There is something wrong with the paragraph above.
Since n is the smallest number which can not be written as a product of primes then both a nd b cannot be written as a product of primes. BUT didn't we say n is the smallest number which can not be written as a product of primes and the number n , a and b are positive integers. This means a is smaller than n and b is smaller than n. If a cannot be written as a product of primes and a is smaller than n then n CANNOT be the smallest number which can not be written as a product of primes. Hence a contradiction.
- I prefer the first version. The first sentence of the second version jumps a step.
Charles Matthews 10:19, 29 Nov 2004 (UTC)
- I think the original poster misunderstands the nature of the proof. It is simply not true that "n is smallest number which cannot be written as product of primes" implies "a and b cannot be written as a product of primes". In fact, it is just the opposite, by our choice of n. We are using well-ordering, and then showing that the existence of such a least n always leads to a contradiction. Revolver 20:33, 29 Nov 2004 (UTC)

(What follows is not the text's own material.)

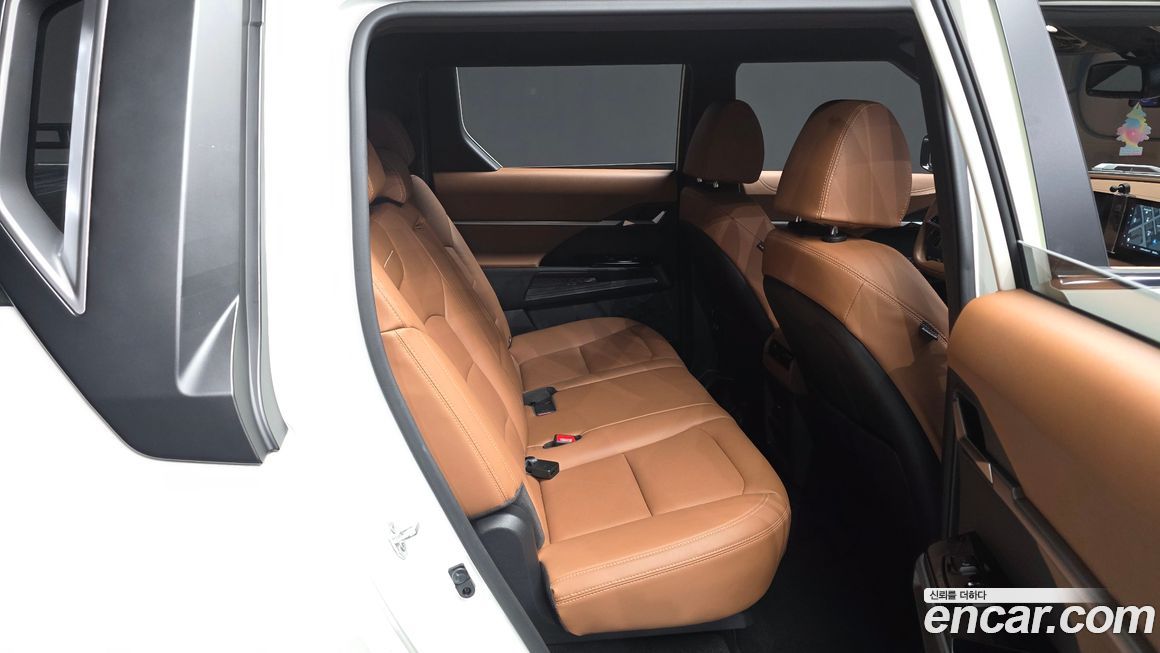 KG_Mobility_Ssangyong Musso 2026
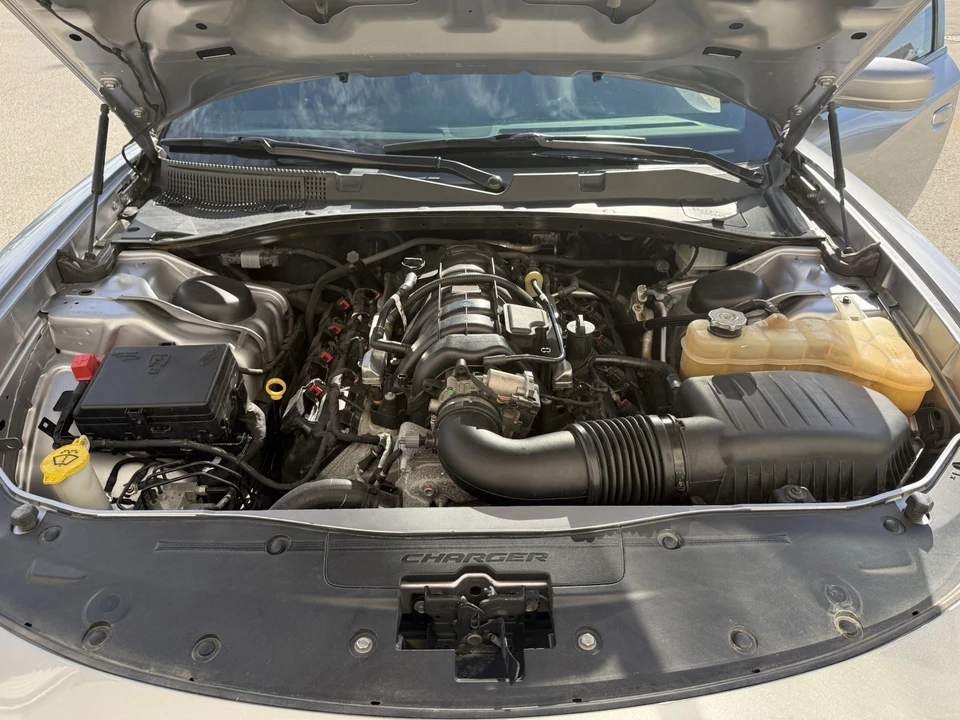 2018 Dodge Charger 7th Gen - Image 20 of 20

[edit] Proof by infinite descent
The unicity proof given as "by infinite descent" uses the division algorithm but not the Euclidean algorithm (much less its generalisation Bézout's lemma). In this way, it's more elementary (you need fewer facts about division, or if you prefer, you need not consider the consequences of the division algorithm in as much depth).
Who first came up with that argument?
—Toby Bartels 09:35, 26 July 2006 (UTC)
[edit] One
Might one say the the set of prime factors of one is the empty set? Thus, one is not prime because prime numbers are those the set of factors of which has a cardinality of 1.